Exercise goal
Lift out, unaltered, the lines of the material below between the line holding "And there are" and the line holding "In this movie, you're", counting both.

Entries supplied
=-=-=
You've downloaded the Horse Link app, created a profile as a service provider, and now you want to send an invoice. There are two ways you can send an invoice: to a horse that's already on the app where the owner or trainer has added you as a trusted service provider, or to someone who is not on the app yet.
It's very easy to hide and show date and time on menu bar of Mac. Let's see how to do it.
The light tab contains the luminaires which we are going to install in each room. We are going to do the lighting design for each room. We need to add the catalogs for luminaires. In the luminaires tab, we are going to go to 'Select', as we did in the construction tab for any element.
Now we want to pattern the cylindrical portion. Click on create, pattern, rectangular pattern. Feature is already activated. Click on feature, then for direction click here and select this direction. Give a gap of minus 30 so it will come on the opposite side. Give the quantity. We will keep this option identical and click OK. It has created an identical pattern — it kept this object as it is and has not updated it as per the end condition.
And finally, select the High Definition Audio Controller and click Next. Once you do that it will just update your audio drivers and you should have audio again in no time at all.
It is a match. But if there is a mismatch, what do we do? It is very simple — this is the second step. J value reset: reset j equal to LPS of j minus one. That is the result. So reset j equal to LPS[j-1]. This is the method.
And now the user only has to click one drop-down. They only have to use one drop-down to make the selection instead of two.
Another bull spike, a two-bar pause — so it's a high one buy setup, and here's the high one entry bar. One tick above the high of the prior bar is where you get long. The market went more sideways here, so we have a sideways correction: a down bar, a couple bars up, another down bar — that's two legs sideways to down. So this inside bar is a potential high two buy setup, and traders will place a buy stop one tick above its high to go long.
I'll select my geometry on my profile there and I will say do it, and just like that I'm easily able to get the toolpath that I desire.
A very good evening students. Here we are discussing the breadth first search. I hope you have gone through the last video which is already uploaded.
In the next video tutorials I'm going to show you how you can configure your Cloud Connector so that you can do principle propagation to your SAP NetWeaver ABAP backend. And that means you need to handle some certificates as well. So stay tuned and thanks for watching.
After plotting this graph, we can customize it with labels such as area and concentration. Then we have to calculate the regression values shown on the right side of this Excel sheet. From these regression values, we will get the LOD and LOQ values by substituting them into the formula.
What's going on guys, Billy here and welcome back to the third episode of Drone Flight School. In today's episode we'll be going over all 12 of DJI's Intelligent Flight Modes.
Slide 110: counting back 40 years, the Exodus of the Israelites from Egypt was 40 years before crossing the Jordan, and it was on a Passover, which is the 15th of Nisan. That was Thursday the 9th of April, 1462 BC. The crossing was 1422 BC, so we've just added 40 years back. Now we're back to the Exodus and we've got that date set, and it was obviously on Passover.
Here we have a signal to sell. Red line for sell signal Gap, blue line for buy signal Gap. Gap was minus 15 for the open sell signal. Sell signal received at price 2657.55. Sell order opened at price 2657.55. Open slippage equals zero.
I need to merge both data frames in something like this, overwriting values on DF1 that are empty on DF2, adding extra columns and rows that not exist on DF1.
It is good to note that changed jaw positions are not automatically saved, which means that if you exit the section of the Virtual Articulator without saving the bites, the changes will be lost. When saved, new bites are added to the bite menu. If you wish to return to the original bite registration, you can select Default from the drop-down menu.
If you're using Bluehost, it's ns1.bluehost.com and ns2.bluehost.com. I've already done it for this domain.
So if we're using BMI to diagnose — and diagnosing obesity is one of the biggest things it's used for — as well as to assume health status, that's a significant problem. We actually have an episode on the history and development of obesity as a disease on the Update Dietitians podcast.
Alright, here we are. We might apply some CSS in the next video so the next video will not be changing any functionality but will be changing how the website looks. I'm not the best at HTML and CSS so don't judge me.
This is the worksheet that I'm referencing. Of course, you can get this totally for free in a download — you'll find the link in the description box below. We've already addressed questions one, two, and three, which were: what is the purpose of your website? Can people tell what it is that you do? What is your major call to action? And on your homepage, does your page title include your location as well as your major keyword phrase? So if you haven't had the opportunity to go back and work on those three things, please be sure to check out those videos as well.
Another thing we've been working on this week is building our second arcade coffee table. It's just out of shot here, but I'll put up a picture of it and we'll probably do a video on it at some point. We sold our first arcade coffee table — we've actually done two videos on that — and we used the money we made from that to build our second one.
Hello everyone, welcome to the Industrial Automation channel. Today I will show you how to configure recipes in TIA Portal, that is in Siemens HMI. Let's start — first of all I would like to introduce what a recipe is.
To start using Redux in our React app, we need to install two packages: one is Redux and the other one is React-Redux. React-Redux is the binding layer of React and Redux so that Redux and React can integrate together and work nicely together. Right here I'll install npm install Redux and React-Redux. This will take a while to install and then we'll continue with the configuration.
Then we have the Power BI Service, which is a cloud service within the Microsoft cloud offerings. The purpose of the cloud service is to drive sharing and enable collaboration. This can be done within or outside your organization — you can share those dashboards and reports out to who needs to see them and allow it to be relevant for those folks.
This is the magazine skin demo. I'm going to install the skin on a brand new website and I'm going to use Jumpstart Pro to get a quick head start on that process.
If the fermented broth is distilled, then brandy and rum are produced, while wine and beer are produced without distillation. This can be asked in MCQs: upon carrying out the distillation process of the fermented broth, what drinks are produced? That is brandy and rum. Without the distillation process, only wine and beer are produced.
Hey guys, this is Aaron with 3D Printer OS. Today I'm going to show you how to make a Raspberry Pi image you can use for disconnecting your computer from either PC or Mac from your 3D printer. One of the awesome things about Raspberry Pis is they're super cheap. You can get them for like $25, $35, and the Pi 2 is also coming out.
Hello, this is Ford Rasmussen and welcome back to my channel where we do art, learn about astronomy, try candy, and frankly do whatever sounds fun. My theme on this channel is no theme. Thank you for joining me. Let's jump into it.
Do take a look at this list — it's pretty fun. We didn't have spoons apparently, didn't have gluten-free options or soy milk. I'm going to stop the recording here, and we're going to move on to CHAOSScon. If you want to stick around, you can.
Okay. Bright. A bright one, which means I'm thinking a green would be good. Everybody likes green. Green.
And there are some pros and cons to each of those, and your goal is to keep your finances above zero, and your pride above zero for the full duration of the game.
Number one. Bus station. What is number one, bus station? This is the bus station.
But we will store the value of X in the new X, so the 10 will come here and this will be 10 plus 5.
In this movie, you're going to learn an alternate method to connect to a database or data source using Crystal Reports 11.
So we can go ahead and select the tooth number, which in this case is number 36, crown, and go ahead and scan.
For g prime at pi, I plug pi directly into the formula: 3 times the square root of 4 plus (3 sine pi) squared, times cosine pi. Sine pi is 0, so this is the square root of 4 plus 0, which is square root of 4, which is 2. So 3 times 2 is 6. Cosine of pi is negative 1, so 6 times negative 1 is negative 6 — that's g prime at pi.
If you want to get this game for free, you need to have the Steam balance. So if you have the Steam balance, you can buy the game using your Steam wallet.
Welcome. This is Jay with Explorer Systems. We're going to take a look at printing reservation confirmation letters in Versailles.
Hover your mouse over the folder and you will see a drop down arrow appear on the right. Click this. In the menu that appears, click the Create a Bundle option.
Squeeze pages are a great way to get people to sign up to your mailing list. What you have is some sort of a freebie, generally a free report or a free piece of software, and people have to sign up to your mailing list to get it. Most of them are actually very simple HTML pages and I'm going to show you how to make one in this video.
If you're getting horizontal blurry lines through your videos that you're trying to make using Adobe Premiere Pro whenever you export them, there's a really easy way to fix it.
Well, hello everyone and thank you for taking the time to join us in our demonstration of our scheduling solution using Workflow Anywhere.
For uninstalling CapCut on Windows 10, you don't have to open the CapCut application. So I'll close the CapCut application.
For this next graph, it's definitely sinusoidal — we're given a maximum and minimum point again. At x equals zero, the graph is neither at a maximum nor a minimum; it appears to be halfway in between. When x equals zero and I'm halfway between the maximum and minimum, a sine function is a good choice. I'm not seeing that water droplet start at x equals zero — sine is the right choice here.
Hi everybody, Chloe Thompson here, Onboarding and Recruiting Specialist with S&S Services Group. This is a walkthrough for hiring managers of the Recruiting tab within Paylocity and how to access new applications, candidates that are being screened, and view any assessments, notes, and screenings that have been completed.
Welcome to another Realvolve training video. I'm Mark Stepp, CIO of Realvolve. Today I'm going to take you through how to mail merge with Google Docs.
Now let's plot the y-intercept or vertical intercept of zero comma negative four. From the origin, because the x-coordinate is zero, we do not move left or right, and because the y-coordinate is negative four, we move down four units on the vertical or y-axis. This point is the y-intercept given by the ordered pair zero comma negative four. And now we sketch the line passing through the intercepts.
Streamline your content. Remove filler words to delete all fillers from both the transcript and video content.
=-=-=
Task solution
And there are some pros and cons to each of those, and your goal is to keep your finances above zero, and your pride above zero for the full duration of the game.
Number one. Bus station. What is number one, bus station? This is the bus station.
But we will store the value of X in the new X, so the 10 will come here and this will be 10 plus 5.
In this movie, you're going to learn an alternate method to connect to a database or data source using Crystal Reports 11.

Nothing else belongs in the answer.